Presbyopia is an age-related loss of crystalline lens deformability for focusing at near. This was described by Thomas Young (1773-1829) in 1793. To explain the process, he had invoked the elasticity theory. The Young's Modulus (stress = E x strain) is dependent on the material. In the case of accommodation, the lens capsule appears the candidate (see image below). Young's argument was that the capsule elasticity had diminished during aging.

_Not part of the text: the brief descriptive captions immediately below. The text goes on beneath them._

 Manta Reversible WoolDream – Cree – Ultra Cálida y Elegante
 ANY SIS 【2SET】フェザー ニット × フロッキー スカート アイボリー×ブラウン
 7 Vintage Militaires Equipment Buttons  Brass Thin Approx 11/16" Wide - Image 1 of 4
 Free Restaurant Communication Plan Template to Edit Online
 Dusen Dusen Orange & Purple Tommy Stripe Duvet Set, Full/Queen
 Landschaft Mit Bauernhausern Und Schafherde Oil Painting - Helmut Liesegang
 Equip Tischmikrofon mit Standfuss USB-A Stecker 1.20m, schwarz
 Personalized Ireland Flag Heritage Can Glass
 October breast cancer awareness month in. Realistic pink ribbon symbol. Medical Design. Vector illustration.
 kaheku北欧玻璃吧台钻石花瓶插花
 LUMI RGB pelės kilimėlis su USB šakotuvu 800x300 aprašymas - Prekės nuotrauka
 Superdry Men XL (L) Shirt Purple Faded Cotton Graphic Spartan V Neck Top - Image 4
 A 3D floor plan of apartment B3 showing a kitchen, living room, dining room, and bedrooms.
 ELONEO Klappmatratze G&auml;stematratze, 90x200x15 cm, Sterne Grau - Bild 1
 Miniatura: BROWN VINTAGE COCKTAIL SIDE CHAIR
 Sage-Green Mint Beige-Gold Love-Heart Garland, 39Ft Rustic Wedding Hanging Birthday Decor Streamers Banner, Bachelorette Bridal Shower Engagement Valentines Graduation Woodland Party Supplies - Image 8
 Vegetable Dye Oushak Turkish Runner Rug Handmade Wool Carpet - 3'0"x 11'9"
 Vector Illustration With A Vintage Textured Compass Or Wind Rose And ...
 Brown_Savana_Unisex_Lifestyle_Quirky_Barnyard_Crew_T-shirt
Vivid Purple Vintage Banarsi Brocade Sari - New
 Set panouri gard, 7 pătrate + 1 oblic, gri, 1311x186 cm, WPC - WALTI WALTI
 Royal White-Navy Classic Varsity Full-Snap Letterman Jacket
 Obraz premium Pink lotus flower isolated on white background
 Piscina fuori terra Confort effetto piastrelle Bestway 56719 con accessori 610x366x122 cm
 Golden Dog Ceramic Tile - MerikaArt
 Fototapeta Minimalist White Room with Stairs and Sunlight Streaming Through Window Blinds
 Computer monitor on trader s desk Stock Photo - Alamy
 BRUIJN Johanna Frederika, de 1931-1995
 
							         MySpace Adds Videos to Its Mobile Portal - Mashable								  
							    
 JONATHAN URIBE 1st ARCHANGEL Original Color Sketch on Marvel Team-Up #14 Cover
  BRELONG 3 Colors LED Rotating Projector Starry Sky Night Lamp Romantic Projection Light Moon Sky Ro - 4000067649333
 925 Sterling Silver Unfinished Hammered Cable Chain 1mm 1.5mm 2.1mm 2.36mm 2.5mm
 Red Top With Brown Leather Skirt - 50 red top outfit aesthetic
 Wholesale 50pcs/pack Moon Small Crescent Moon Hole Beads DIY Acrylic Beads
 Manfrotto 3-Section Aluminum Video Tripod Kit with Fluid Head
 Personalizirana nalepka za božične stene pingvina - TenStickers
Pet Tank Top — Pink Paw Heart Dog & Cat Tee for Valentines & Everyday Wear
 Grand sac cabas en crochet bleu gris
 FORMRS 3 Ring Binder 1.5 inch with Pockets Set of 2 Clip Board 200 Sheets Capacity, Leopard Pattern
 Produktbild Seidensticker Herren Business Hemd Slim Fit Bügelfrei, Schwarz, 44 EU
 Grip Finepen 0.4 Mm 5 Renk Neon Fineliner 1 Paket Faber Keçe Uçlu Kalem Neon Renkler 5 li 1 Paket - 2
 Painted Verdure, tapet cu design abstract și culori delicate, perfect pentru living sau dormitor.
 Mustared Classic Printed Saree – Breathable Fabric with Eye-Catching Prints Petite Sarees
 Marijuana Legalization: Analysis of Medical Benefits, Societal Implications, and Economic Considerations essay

Indeed, recent measurements confirmed that the Modulus was about 6 × 107 dyn/cm2 in children which decreased to 3 × 107 dyn/cm2 at age 60, and to 1·5 × 107 dyn/cm2 in extreme old age. Similar to tired old rubber bands which cannot resume the original lengths when the tension is released.

(Lens capsule is the outer most layer which envelops the whole lens
- it is the faint band to the left (anterior to) the single-cell-layer epithelium in the above image)

That is not the whole story, though. There are three parts involved in the accommodation process (see below, 1-3):
(1: The zonules; 2: the crystalline lens; and 3: ciliary muscle)

The ciliary muscle must first contract to allow a decrease in the tension of the zonules, so the capsule can re-shape the lens. Does the ciliary muscle change with aging as well? Not the contractility. It appears the diameter of the ciliary muscle ring does decrease owing to a configurational change. The overall result is the zonules no longer have enough space to relax. And the weakened capsule also can no longer deform the lens as much as before. Did the lens diameter increase with aging also? Some say no; although the only way to make sure is to do a large-scale high-resolution MRI of the eye, because the lens is hiding behind the iris, inaccessible through optical means. The zonules? It is assumed, but never quantified, that the zonular fiber elasticity also changes with time.

Loose ends galore, indeed.

So, how can presbyopia be manipulated surgically? At least in theory, the ciliary muscle ring can be re-positioned to create more space for the zonules. This procedure has already been attempted; although the outcome is still unclear. Alternatively, Conductive Keratoplasty (CK), using radiofrequency to heat and shrink collagen fibers in the cornea, can be done. This to steepen the curvature of the appropriate area of the cornea, so that more plus power is produced for near tasks. CK takes about 3 min and is done to only one eye - a monovision correction as well. It seems to work for some, for a limited duration anyway (about 4-7 years). Interested parties are urged to consult their own eye doctors.

It's been 26 years since "The Wrath of Khan" and we still don't know the composition and the mechanism of effect of Retinax. Well, the sci-fi writers have already pointed the way, perhaps pharmacological researchers can now take us home - to a presbyopia-free world.